==== Dataset content ====
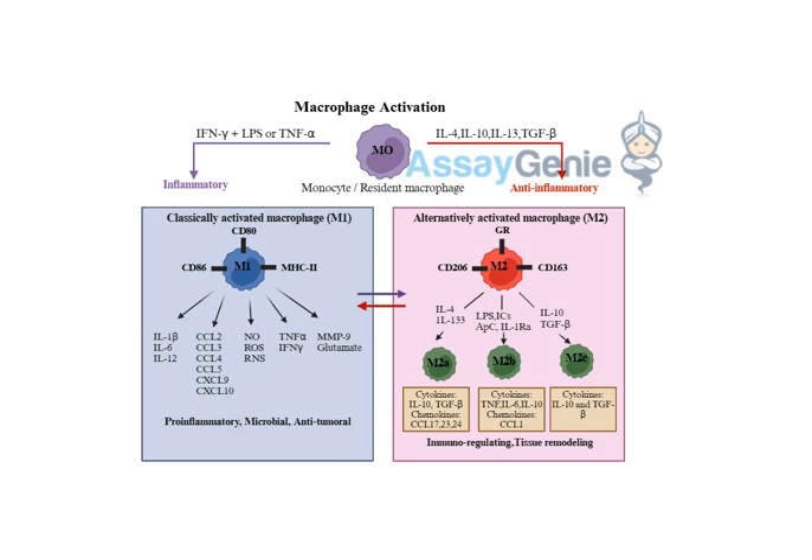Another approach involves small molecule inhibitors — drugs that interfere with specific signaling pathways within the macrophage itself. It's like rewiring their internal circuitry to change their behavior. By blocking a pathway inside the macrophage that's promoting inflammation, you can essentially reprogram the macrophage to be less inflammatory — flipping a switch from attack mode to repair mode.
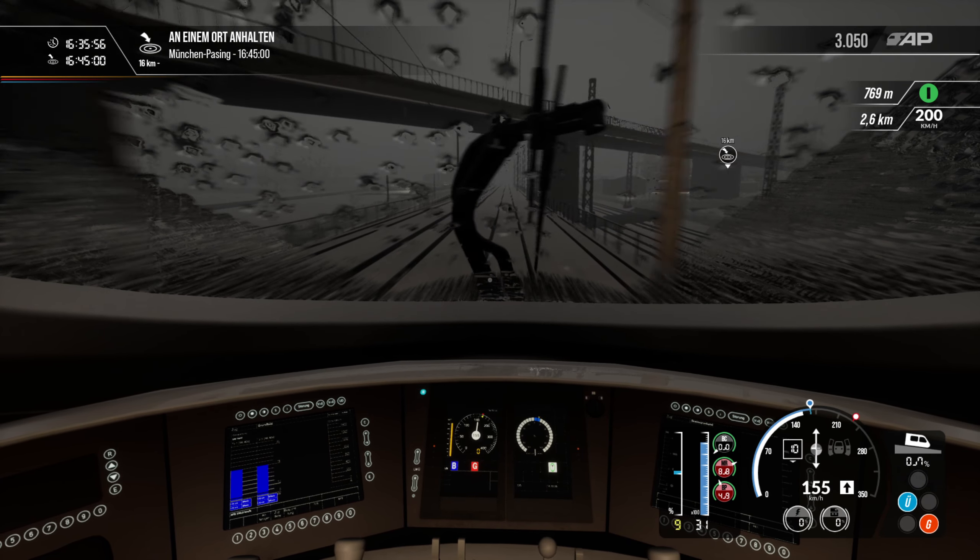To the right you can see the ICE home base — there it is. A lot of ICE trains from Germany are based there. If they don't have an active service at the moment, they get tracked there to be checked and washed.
====
==== Dataset content ====
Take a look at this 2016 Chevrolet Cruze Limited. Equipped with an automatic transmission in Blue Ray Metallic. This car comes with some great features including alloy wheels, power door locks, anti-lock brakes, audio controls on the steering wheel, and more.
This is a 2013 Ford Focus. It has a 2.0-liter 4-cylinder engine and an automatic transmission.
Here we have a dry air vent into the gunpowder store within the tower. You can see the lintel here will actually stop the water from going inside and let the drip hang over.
====
Task brief →
Nothing should appear in the answer except the lines above from the line with "Take a look" through the line with "Here we have", both included, written out exactly.

Solution to this exercise →
Take a look at this 2016 Chevrolet Cruze Limited. Equipped with an automatic transmission in Blue Ray Metallic. This car comes with some great features including alloy wheels, power door locks, anti-lock brakes, audio controls on the steering wheel, and more.
This is a 2013 Ford Focus. It has a 2.0-liter 4-cylinder engine and an automatic transmission.
Here we have a dry air vent into the gunpowder store within the tower. You can see the lintel here will actually stop the water from going inside and let the drip hang over.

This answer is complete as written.